▸ **TASK TO CARRY OUT**
Copy exactly the line that contains "Calm home organization" plus all remaining lines of the data, and leave out every line before it.

▸ **SOURCE MATERIAL**

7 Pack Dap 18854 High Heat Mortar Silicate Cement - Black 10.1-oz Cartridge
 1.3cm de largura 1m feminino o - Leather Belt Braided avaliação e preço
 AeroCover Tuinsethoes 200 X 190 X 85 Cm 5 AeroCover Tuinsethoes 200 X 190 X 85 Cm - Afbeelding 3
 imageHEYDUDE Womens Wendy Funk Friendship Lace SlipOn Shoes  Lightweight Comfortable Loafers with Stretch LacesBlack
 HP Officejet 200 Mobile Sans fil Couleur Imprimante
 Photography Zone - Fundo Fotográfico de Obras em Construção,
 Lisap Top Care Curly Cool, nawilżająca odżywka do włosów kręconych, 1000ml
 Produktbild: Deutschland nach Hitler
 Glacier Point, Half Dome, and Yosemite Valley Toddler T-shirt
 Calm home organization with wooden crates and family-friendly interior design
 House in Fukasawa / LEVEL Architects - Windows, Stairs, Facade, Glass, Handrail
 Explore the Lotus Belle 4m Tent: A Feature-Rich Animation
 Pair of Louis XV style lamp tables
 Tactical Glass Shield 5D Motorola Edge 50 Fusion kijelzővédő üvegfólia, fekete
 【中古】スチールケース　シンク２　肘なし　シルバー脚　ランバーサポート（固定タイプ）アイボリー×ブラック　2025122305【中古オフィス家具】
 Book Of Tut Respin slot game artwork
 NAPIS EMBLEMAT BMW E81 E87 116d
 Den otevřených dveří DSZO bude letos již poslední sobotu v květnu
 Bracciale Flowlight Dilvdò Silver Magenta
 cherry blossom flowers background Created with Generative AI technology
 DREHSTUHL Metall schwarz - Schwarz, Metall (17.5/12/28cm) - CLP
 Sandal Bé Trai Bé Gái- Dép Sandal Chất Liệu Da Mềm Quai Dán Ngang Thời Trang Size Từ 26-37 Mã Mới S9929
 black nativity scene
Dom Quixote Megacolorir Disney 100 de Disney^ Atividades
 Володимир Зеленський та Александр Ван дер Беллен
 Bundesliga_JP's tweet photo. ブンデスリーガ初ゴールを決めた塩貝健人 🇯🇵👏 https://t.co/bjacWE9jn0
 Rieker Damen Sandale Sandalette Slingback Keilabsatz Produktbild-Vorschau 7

▸ **REPLY**
 Calm home organization with wooden crates and family-friendly interior design
 House in Fukasawa / LEVEL Architects - Windows, Stairs, Facade, Glass, Handrail
 Explore the Lotus Belle 4m Tent: A Feature-Rich Animation
 Pair of Louis XV style lamp tables
 Tactical Glass Shield 5D Motorola Edge 50 Fusion kijelzővédő üvegfólia, fekete
 【中古】スチールケース　シンク２　肘なし　シルバー脚　ランバーサポート（固定タイプ）アイボリー×ブラック　2025122305【中古オフィス家具】
 Book Of Tut Respin slot game artwork
 NAPIS EMBLEMAT BMW E81 E87 116d
 Den otevřených dveří DSZO bude letos již poslední sobotu v květnu
 Bracciale Flowlight Dilvdò Silver Magenta
 cherry blossom flowers background Created with Generative AI technology
 DREHSTUHL Metall schwarz - Schwarz, Metall (17.5/12/28cm) - CLP
 Sandal Bé Trai Bé Gái- Dép Sandal Chất Liệu Da Mềm Quai Dán Ngang Thời Trang Size Từ 26-37 Mã Mới S9929
 black nativity scene
Dom Quixote Megacolorir Disney 100 de Disney^ Atividades
 Володимир Зеленський та Александр Ван дер Беллен
 Bundesliga_JP's tweet photo. ブンデスリーガ初ゴールを決めた塩貝健人 🇯🇵👏 https://t.co/bjacWE9jn0
 Rieker Damen Sandale Sandalette Slingback Keilabsatz Produktbild-Vorschau 7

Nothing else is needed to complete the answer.